Konrad Adenauer was unable to complete his memoirs. The fourth volume (covering the years 1959–1963) contains only fragments, as the subtitle expressly denotes. In this fifth volume in the
series, one of Adenauer’s closest collaborators describes that period from the inner circle of power.
Horst Osterheld headed the foreign policy section of the Chancellor’s Office from 1960–1969. Relying on his own comprehensive diaries, he describes developments in world politics during
the years 1960–1963, including such dramatic events as the construction of the Berlin Wall, the Cuban Missile Crisis, disagreements over policy toward East Germany and the Franco-German
accord of 1963, as well as domestic events and Adenauer’s gradual disempowerment. As in previous publications, the author shows himself equally adept as a subject expert and storyteller.
Consequently, this volume contains countless unknown facts and interesting insights, especially on how opinions were shaped within the Chancellor’s Office.
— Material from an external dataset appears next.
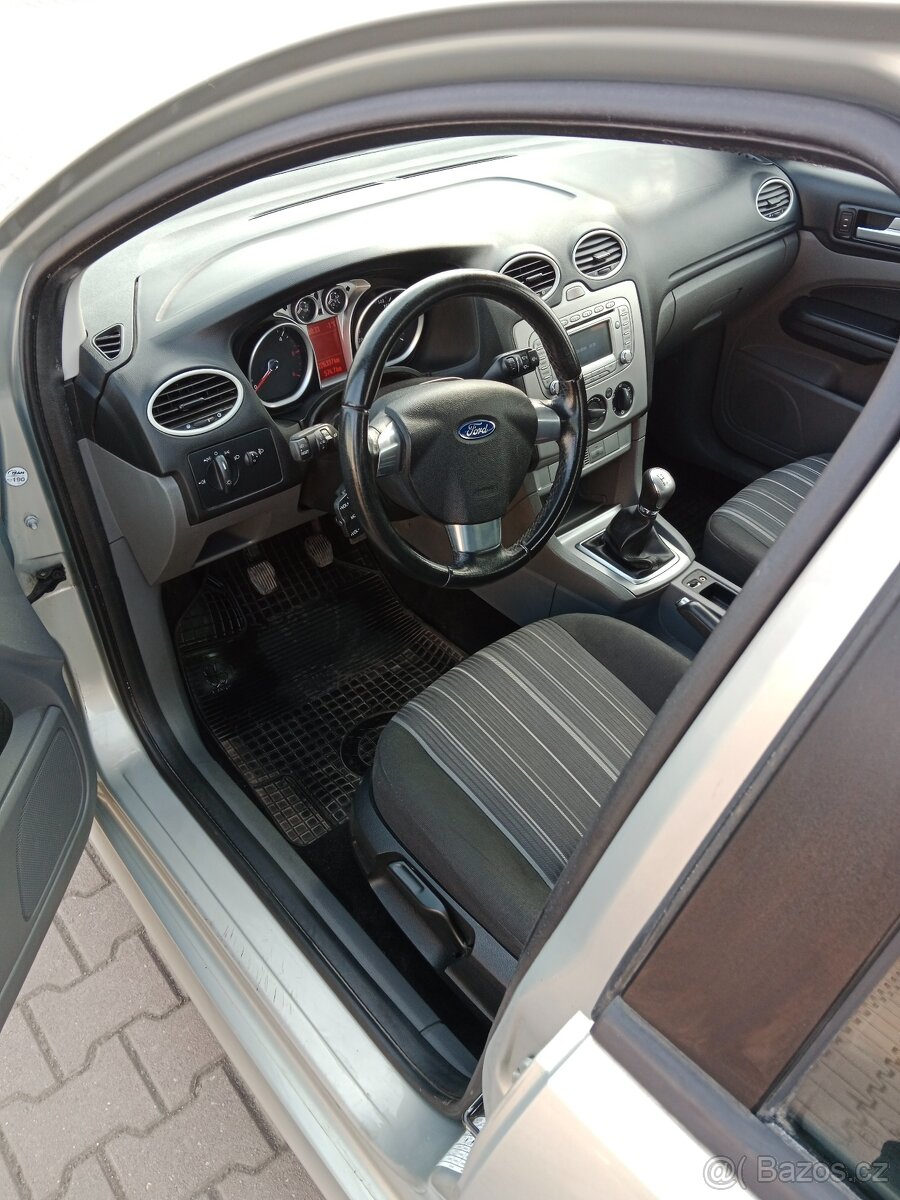 Ford Focus 1.6 tdci 66kw - 9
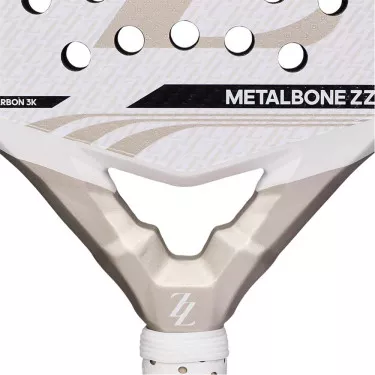 Adidas Metalbone Carbon Zidane Racket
In vivid characterizations, Osterheld
portrays the leading politicians of the day – above all Adenauer himself, in these last and most difficult of his years as chancellor.
Osterheld posseses highly differentiated powers of observation and is not circumnspect about making critical judgments. His account is not only a compelling read but also an
essential source for the history of the Federal Republic in the early 1960s.